The fast-food restaurant chain Wendy’s may not be the first thing that pops into your head when you think of modern-day slavery.

But it certainly is for the rowdy group of protesters who gathered in West Palm Beach, Florida this weekend, calling for the fast-food giant to join the Fair Food Program. According to the protesters, doing so would mean Wendy’s would join McDonald’s, Walmart, Burger King, Chipotle, and other companies in ethically sourcing its food from trustworthy farms and helping to end modern-day slavery.

Their demands were intended for the ears of billionaire Palm Beach resident Nelson Peltz, the current Wendy’s chairman, as well as the owner of the investment fund Trian Partners, a part-owner of Wendy’s.

“‘Our biggest push right now,” Natalia Naranjo, from the Coalition of Immokalee Workers, explained in an interview with WPTV, “is getting Wendy’s to publish and talk about where they are harvesting their tomatoes from.”

The Fair Food Program is an agreement between the Coalition of Immokalee Workers and tomato growers, which is designed to protect workers from sexual harassment, mistreatment, and unfair wages.

“Trying to get a clear idea whether or not they do have these cases of abuse.
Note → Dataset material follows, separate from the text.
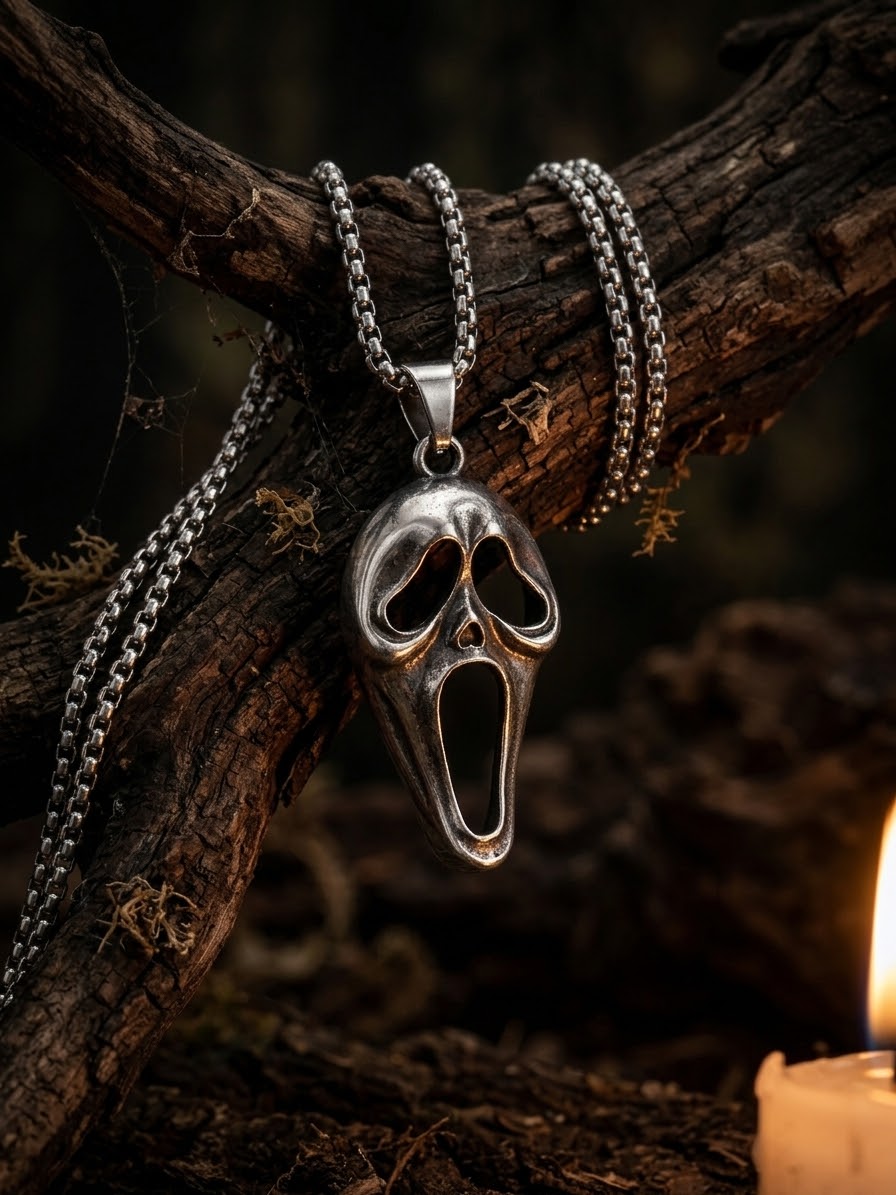Collana con Pendente a Maschera Scream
Whether or not there are these cases of modern-day slavery within the fields they are purchasing from,” Naranjo added.


(Video: WPTV)

The coalition “aggressively” engages in boycotts of companies that buy tomatoes without participating in its Fair Food Program, according to Worker Centers.

“The Coalition of Immokalee Workers (CIW) is a worker center founded in November 1994 by tomato pickers from Florida to protest low pay,” the labor union watchdog group said. “The group aggressively engages in secondary actions against buyers of Florida tomatoes who do not pay the group’s ‘penny-per-pound’ to increase farmworker wages. The group has also entered into an arrangement with the Florida tomato-growers trade association (the Florida Tomato Growers Exchange), which represents their employers, to obtain higher wages.”
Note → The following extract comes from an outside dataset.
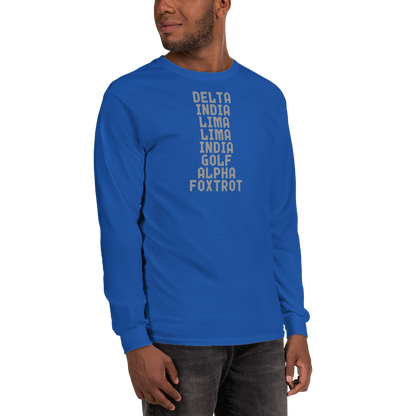"DILLIGAF" printed on a royal men's long sleeve shirt worn by a male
The protests come amid preparations for the glamorous, $3.9-million nuptials of Nelson Peltz’s daughter, Nicola Peltz, to Brooklyn Beckham, the son of British celebrities David and Victoria Beckham.

The wedding is expected to take place next weekend at Peltz’s $100-million, 44,000-square-foot beach mansion in Palm Beach, and it will be quite a high-society affair, which some are calling “Miami society meets British celebrity.”

Brooklyn Beckham and Nicola Peltz met in 2017 and were engaged in 2020. Nicola Peltz is an actress, best known for starring in the A&E series “Bates Motel,” as well as appearing in “Transformers: Age of Extinction.” Beckham, aside from being the son of famous footballer David and pop star Victoria “Posh Spice” Beckham…well, that’s about all he’s known for.

Despite the half-a-billion-dollar fortune of his parents, Brooklyn is a relative pauper beside his heiress fiancee, whose father is worth an estimated $1.7 billion. This apparently prompted his signing of a prenuptial agreement, which was a very sensible if less than romantic precaution on the part of the bride-to-be.

David and Victoria Beckham, along with other family members, have already arrived in Miami for the upcoming wedding. The ceremony is expected to be attended by a wide array of celebrities, including actress Eva Longoria, celebrity chef Gordon Ramsay, former Spice Girl Melanie Brown, and even Tom Brady and Gisele Bündchen.

Meanwhile, in glaring contrast to the glamorous wedding preparations, protesters marched past the Palm Beach offices of Nelson Peltz’s Trian Partners, carrying cardboard cutouts of Peltz’s face, or dressed like “Wendy,” or holding signs advising bystanders to boycott the fast-food chain.

When asked to respond to the protests, the company told WPTV that “Wendy’s does not participate in the Fair Food Program because there is no nexus between the program and our supply chain…Further, Wendy’s has an established Supplier Code of Conduct that applies to significant suppliers of The Wendy’s Company and our North America restaurant system, and we also require third-party reviews related to the human rights and labor practices for suppliers of certain hand-harvested, whole, fresh produce such as tomatoes. The idea that joining the Fair Food Program, and purchasing field-grown, commodity tomatoes, is the only way that Wendy’s can demonstrate responsibility in our supply chain is not true.”

But these claims were hardly satisfactory for Yaissy Solis of the Alliance for Fair Food.

“Wendy’s says they can’t join the Fair Food Program because none of their current suppliers participate in the program,” she explained in an interview with WPTV, “but that’s just a dodge. Wendy’s could either come back to their longtime Florida suppliers (who they abandoned back in 2015 precisely because those farms joined the FFP) or bring its current greenhouse suppliers into the Fair Food Program, either way, would work. It’s really very simple.”